En tan agradable compañía Mozart y su esposa se muestran como son, deliciosos, encantadores, pero también deseosos de disfrutar la fama y sus ventajas materiales. Por encima de todo brilla la personalidad del gran artista, la música le ronda en cada instante, para él la composición es tan inherente y natural como la propia respiración. A los afortunados huéspedes les obsequia, como una divinidad repartiendo sus dones, con interpretaciones de la misma música que pronto ha de ser escuchada en Praga.

Eugenia comprende mejor que nadie la gigantesca dimensión artística de Mozart. Percibe que las fuentes de su poder creativo son hondas e inaccesibles, que emanan de la profundidad de su pecho y son tan poderosas que podrían destruir el frágil soporte humano sobre el que se sustentan. Contempla al artista en su doble condición de persona genial y a la vez de ser humano mortal. Lo compara con un meteoro que cruzara el cielo de la noche sumiendo en pasmoso asombro a quienes contemplaran el firmamento en aquel momento, al ver cómo se extiende un mágico manto de oro igual que si la aurora se hubiera adelantado. 

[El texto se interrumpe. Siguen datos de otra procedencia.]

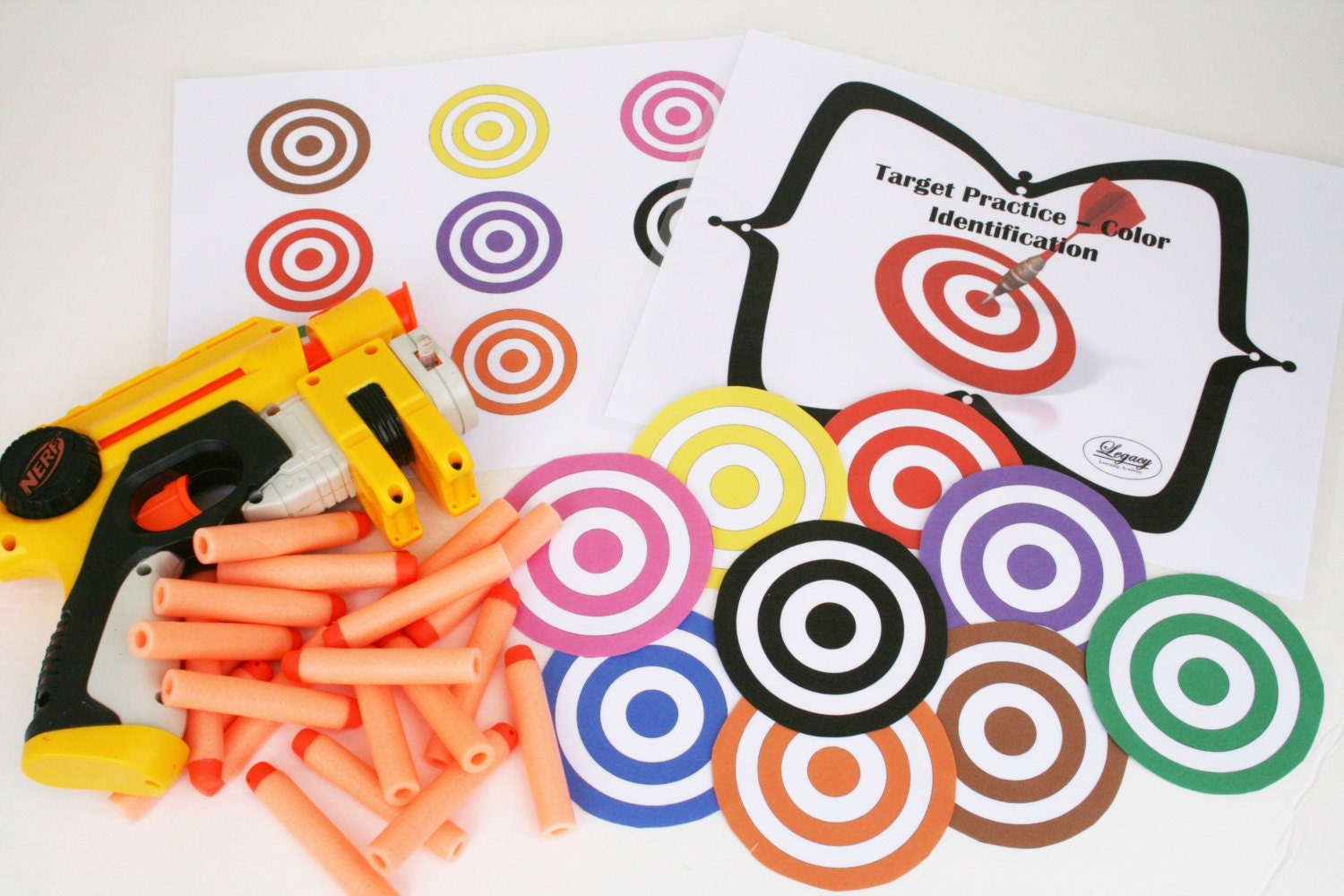 PRINTABLE Nerf Target Practice Color Identification Toddler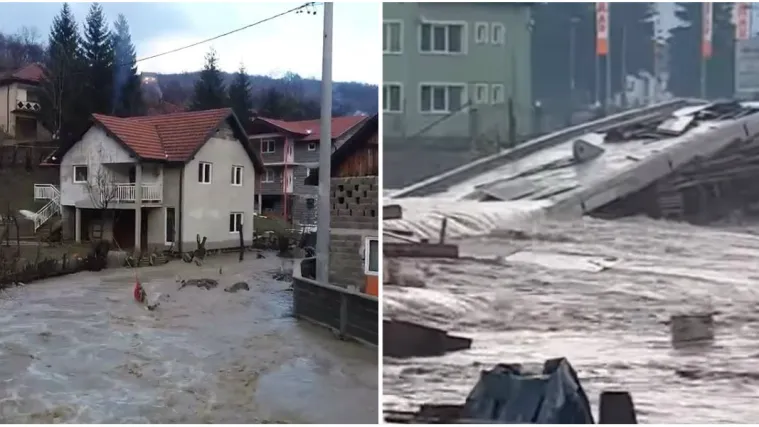 Progla&scaron;eno pripremno stanje obrane od poplava na nekim postajama u Hrvatskoj. Nabujale rijeke ru&scaron;e kuće i mostove u BiH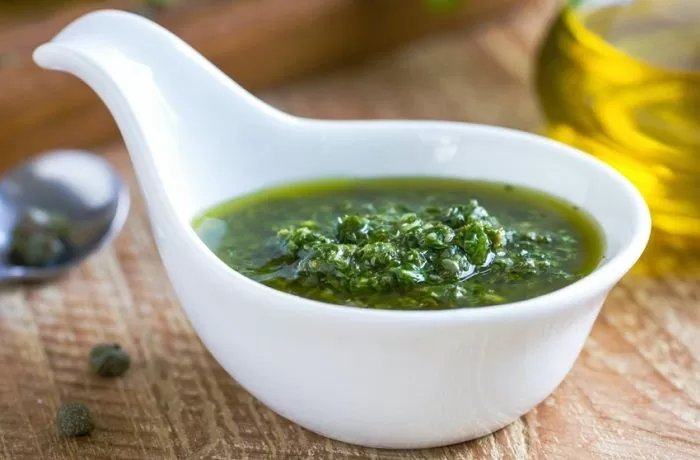Provençal garlic and parsley sauce in a bowl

Pero semejante milagro ha de durar tan solo un segundo, el meteoro se deshace en la atmósfera, la luz con la que ilumina regiones y gentes es también la de la llama que lo incendia y lo destruye esparciendo su restos en el éter y devolviendo el mundo a la oscuridad salteada de estrellas y planetas menos resplandecientes, pero más duraderos y constantes. Eugenia tiene la impresión de que una vida como la de Mozart solo puede ser excepcionalmente breve, y siente como si estuviera viendo algo sagrado e irrepetible, el fugaz paso de un dios por la tierra. 

Su temor parece confirmado por la intervención casual del azar. Mientras ordena las partituras a la novia se le cae de las manos una canción popular de Bohemia cuyo triste contenido Eugenia lo entiende como un oráculo de muerte dirigido al invitado que se marcha ya. Que el alma -dice la canción- piense en su destino y reflexione sobre cómo arraigan por doquier las plantas que dan hermosas flores, sin conocer a dónde fue el viento a llevar sus semillas; que contemple el trote calmo de unos caballos en el camino, pues quién sabe si serán ellos quienes tiren del coche fúnebre antes de que lleguen a cambiar de herraduras; piense el alma, en definitiva, que la muerte está siempre cerca en el mundo, aunque este sea hermoso, lleno de vigor y vida. Eugenia comprende que la llama que brilla con mayor intensidad, ilumina y deslumbra, pero está destinada a extinguirse con mayor rapidez.